START Supplied information
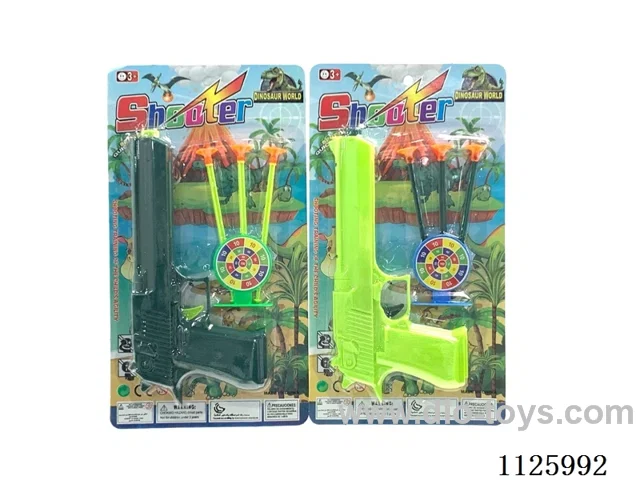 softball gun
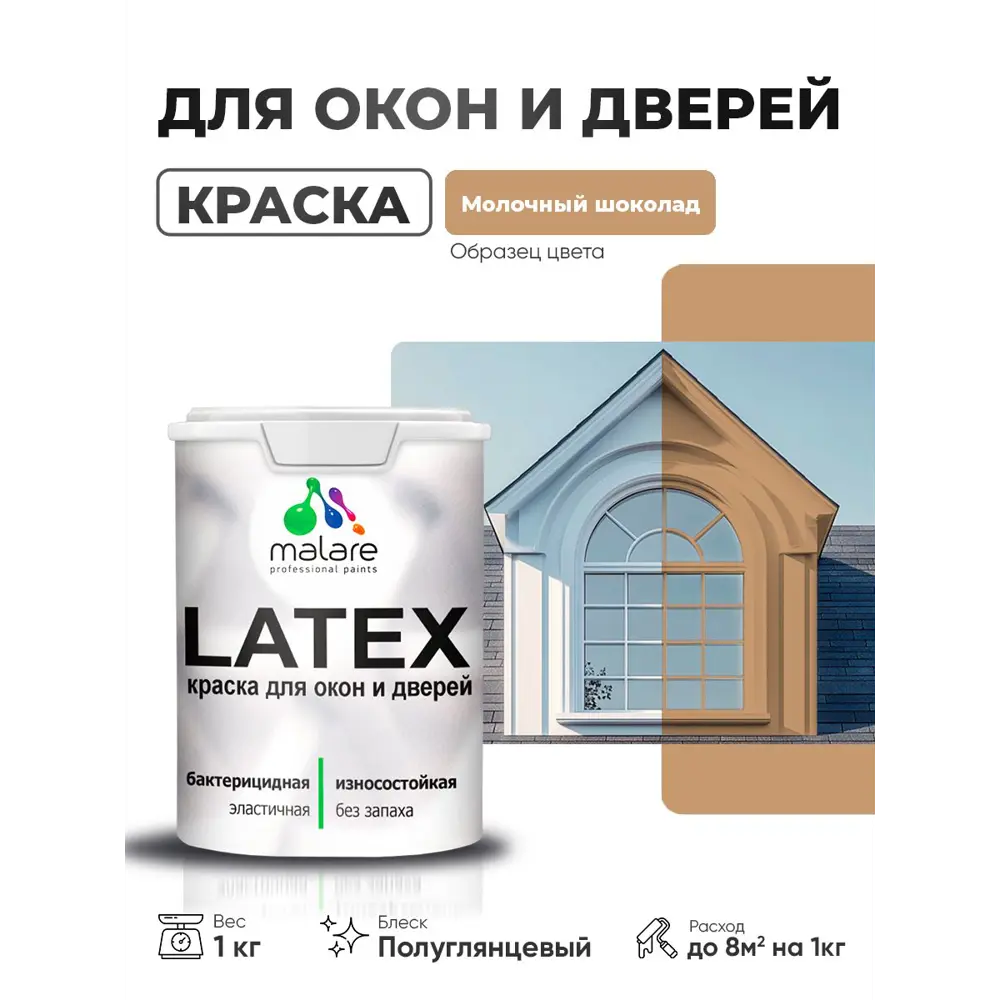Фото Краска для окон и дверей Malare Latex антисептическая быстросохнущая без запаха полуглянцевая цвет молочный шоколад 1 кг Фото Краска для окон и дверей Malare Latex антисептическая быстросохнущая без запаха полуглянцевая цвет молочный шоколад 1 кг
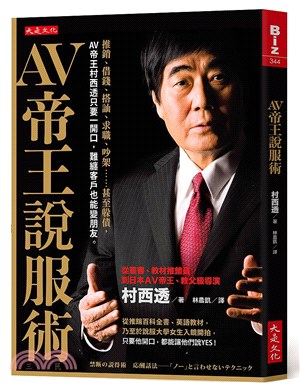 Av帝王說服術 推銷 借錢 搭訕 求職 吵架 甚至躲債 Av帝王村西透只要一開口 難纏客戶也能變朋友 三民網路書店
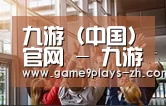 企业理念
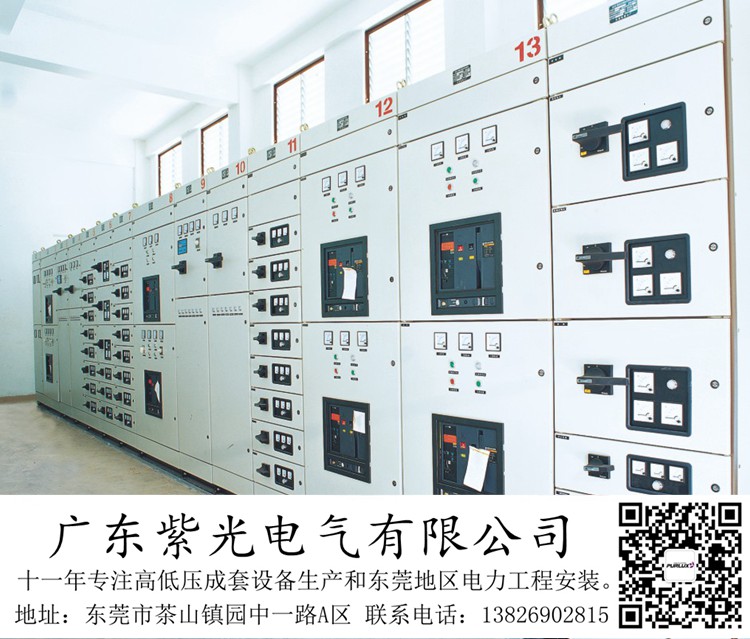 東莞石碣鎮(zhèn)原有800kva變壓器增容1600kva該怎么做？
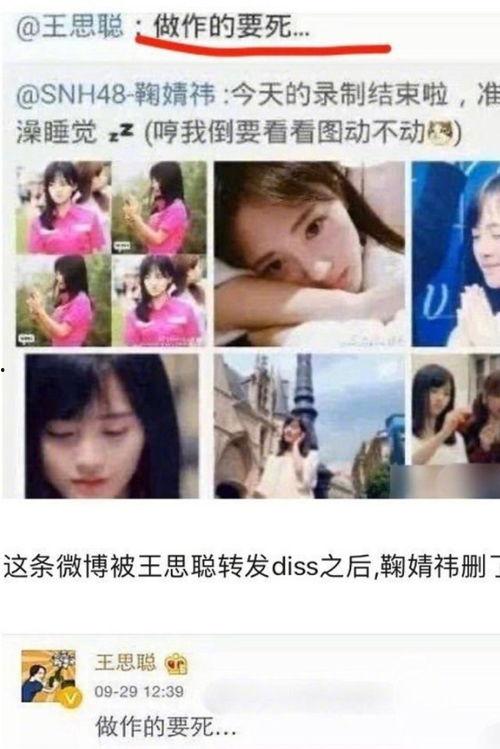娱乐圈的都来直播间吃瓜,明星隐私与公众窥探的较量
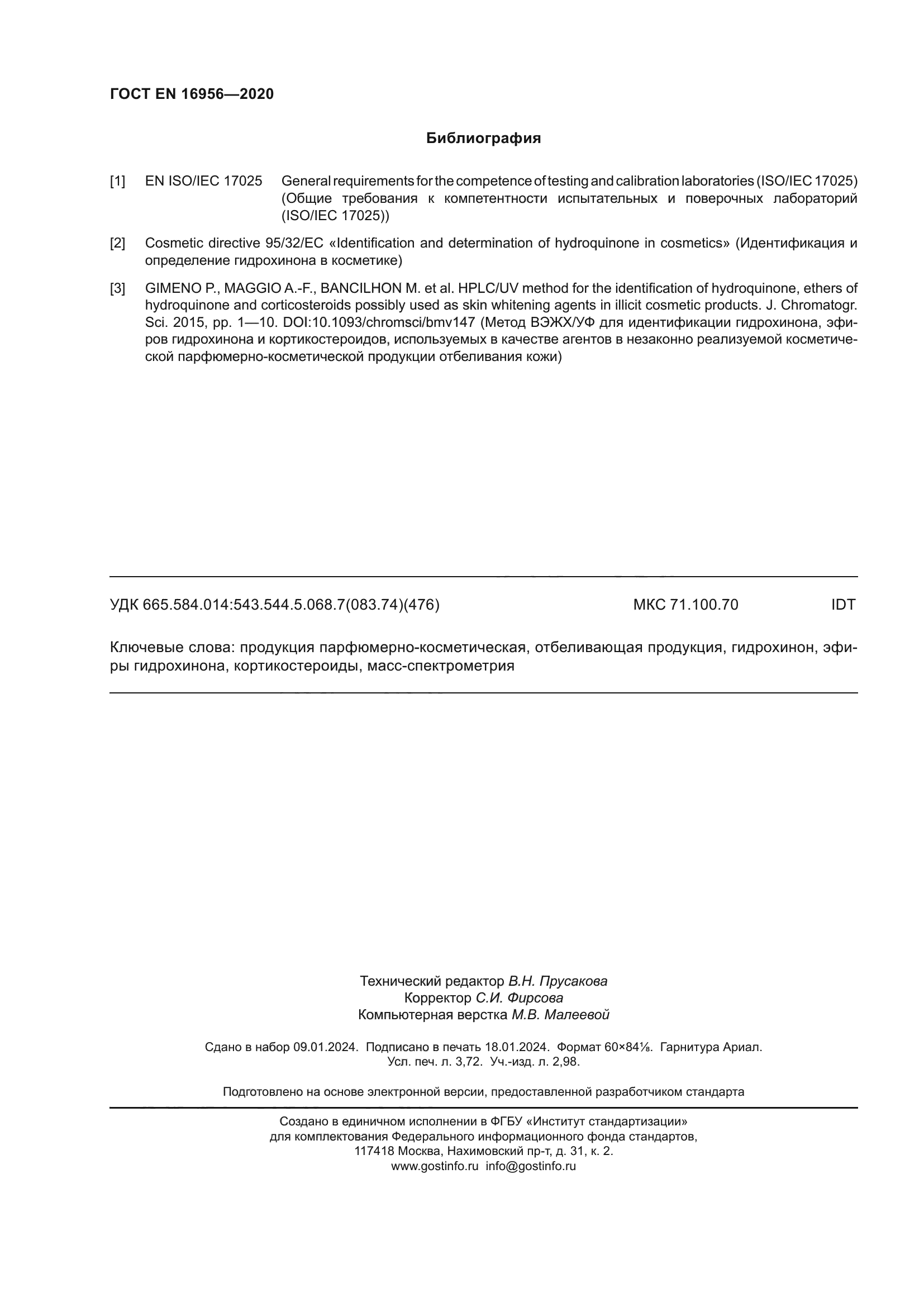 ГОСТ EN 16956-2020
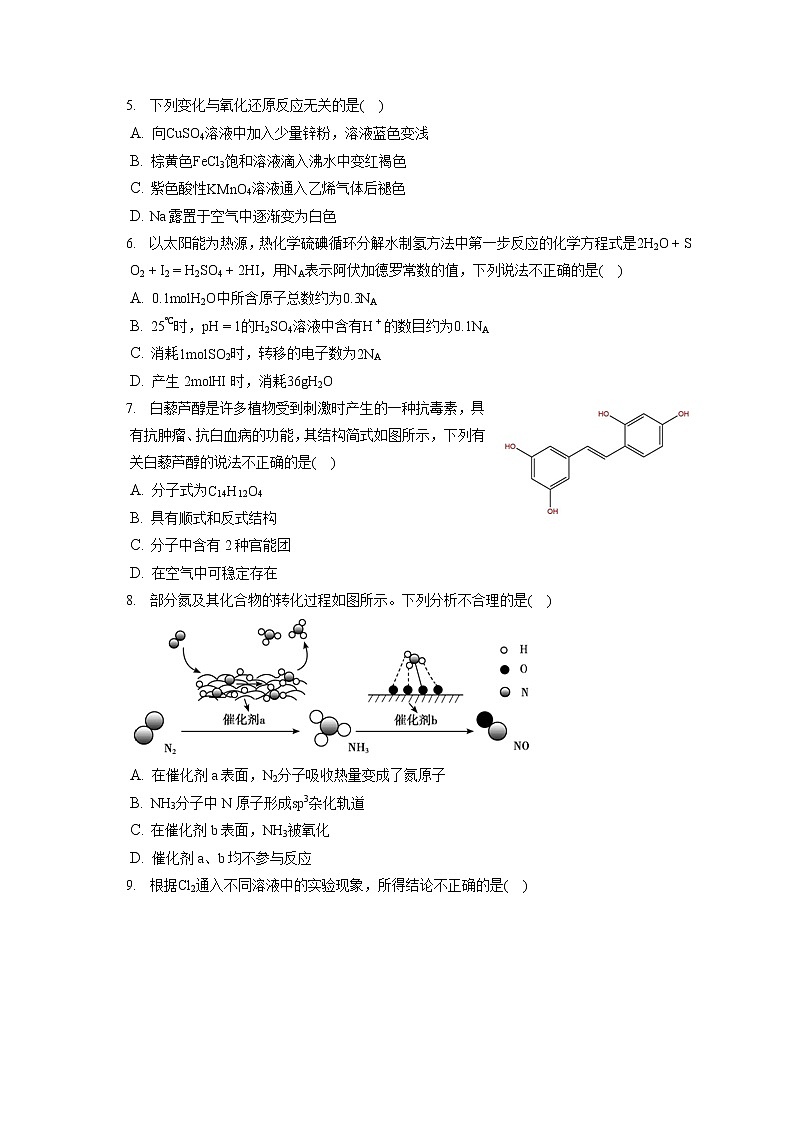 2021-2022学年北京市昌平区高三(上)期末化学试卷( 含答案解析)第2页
END Supplied information
### [Exercise goal]
Write out all the entries again, word for word, and print no images.

### [Output of the task]
 softball gun
Фото Краска для окон и дверей Malare Latex антисептическая быстросохнущая без запаха полуглянцевая цвет молочный шоколад 1 кг Фото Краска для окон и дверей Malare Latex антисептическая быстросохнущая без запаха полуглянцевая цвет молочный шоколад 1 кг
 Av帝王說服術 推銷 借錢 搭訕 求職 吵架 甚至躲債 Av帝王村西透只要一開口 難纏客戶也能變朋友 三民網路書店
 企业理念
 東莞石碣鎮(zhèn)原有800kva變壓器增容1600kva該怎么做？
娱乐圈的都来直播间吃瓜,明星隐私与公众窥探的较量
 ГОСТ EN 16956-2020
 2021-2022学年北京市昌平区高三(上)期末化学试卷( 含答案解析)第2页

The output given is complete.